My online presence here feels more chilled, and I've made some great friends. Hell, Dave R has even started to stalk me cos I'm so nice!


----------



## I like Skol (29 Jun 2018)

Drago said:


> I've made some great friends. He'll, Dave R has been started to stalk me cos I'm so nice!


That's a great line for the 'Autocorrect gone mad' thread right there. What did @Drago really intend to say?


----------



## Pat "5mph" (29 Jun 2018)

*Mod Note:*
Comments about former members, either de-registered or that stopped visiting,
are not in the spirit of CC.
Therefore I will delete a few of the previous posts in this thread.

Also see our Guidelines if you're unsure of the contents of your posts.
*Conduct *– Please refrain from inflammatory and defamatory comments as well as flaming, taunting, stalking, bullying, trolling and general disrespect. Personal attacks, aggressive messages, and passive-aggressive behaviour are not acceptable.

Thank you.


----------



## Drago (29 Jun 2018)

^^^ See, I can dig that.
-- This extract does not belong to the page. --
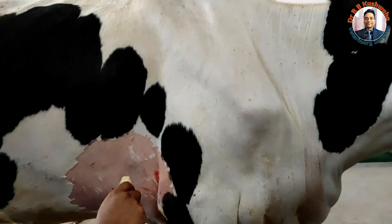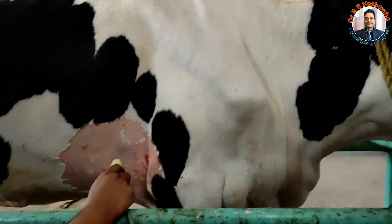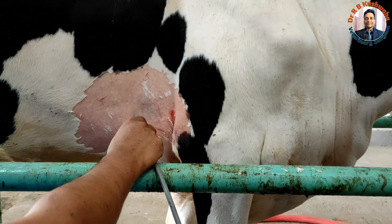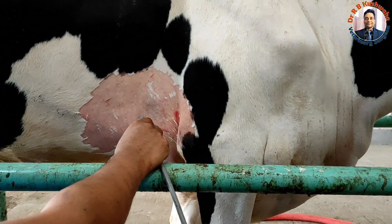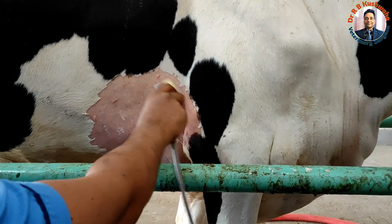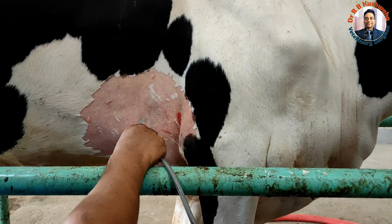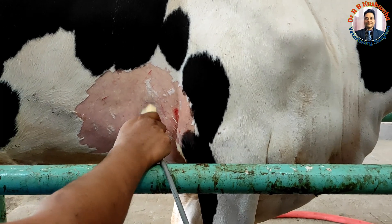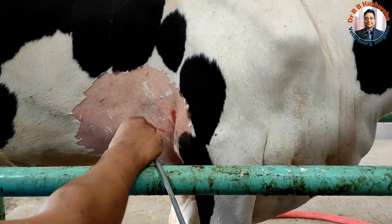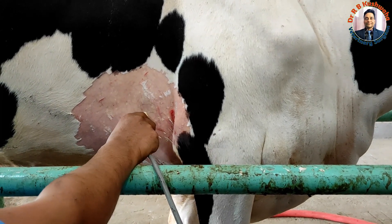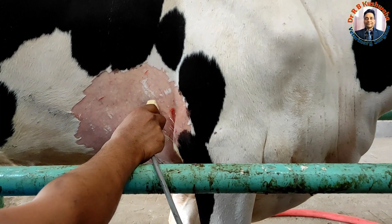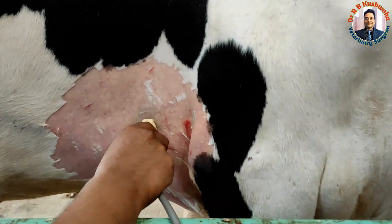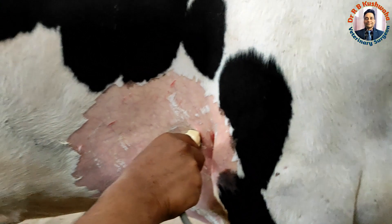We took radiography, but in the radiographs nothing was visible — no foreign body was seen. So we planned for ultrasonography. For ultrasonography of the thoracic area, if you are suspecting traumatic pericarditis, you should scan the 6th intercostal space. We applied jelly as an acoustic coupling medium and prepared this area for the scan.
A perfectly reasonable, well explained intervention by a Mod, an example of how it should be done (and no, I'm not arriss licking, but Pat seems to understand that if you treat people like children they'll behave like children, and has broken the cycle.)


----------



## I like Skol (29 Jun 2018)

Drago said:


> and has broken the cycle.)


I know a forum where you might be able to ask about fixing that, and chatting about related topics...….


----------



## saoirse50 (30 Jun 2018)

[QUOTE 5294221, member: 10119"]And generally speaking the YACFers aimed to respect the thinking that the planning and information about the FNRttC should be kept and curated in one place to avoid confusion, apart from anything else, so whilst we've alway had some chatter about the rides over there there would pretty much always have been someone piping up to say 'and the definitive source for information is over that way ------> with a link to here and the blog*. That's how I wandered in here, following the tail lights of the Fridays up the road...
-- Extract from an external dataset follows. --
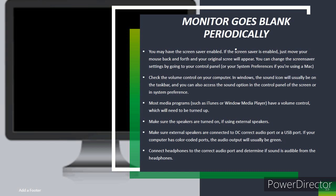Check the volume control on your computer. In Windows, the sounds icon will usually be on the taskbar, and you can also access the sounds option in the Control Panel or System Preferences. Most media programs, such as iTunes or Windows Media Player, have a volume control which will need to be turned up. Make sure the speakers are turned on. If using external speakers, make sure they are connected to the correct audio port or USB port. If your computer has color-coded ports, the audio output will usually be green. Connect headphones to the correct audio port and determine if sound is audible from the headphones.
*and the subsequent regular (if occasional) 'what is this mudguard/cake/etc tyranny how dare they infringe my human rights thusly' n00b comments from people who went and read that and came back to whinge would generally be fairly firmly squished.[/QUOTE]
I think that’s how I got here, via FNRttC. And the rumour I heard was that there was a touch of disapproval from some about the way that YACF was born. And that’s why CC became the go to site for FNRttC stuff. I joined acf in the middle of smileygate and hadn’t a clue what was going on. Anyway, it all seems so far away and long ago now.


----------



## Blue Hills (30 Jun 2018)

Pat "5mph" said:


> he by, some on here are perennially complaining about the forum, yet they post almost daily



That's not hard to understand or an unreasonable position pat. I assume that they generally like the place/find it useful but have concerns about some aspects of it, now or in the recent past, which, quite rightly in my view, they think it fair to express. To nudge things in the right direction.

Otherwise you are advocating that folk who criticise aspects of their society/country, should just leave.


----------



## Salty seadog (30 Jun 2018)

I'm with Groucho on clubs.


----------



## Bollo (1 Jul 2018)

Dogtrousers said:


> Coming back to the OP, and away from re-airing old grievances about forum management ...
> 
> Are BC missing a trick in thinking cycling and its promotion revolves around clubs? I'd say not. There's a difference between formal and informal organisation, and plenty of room for both. If BC got involved in loose internet organised cycling it would by definition become more formal because they will bring along standards, training, insurance, etc. And bingo! it would cease to be under the radar.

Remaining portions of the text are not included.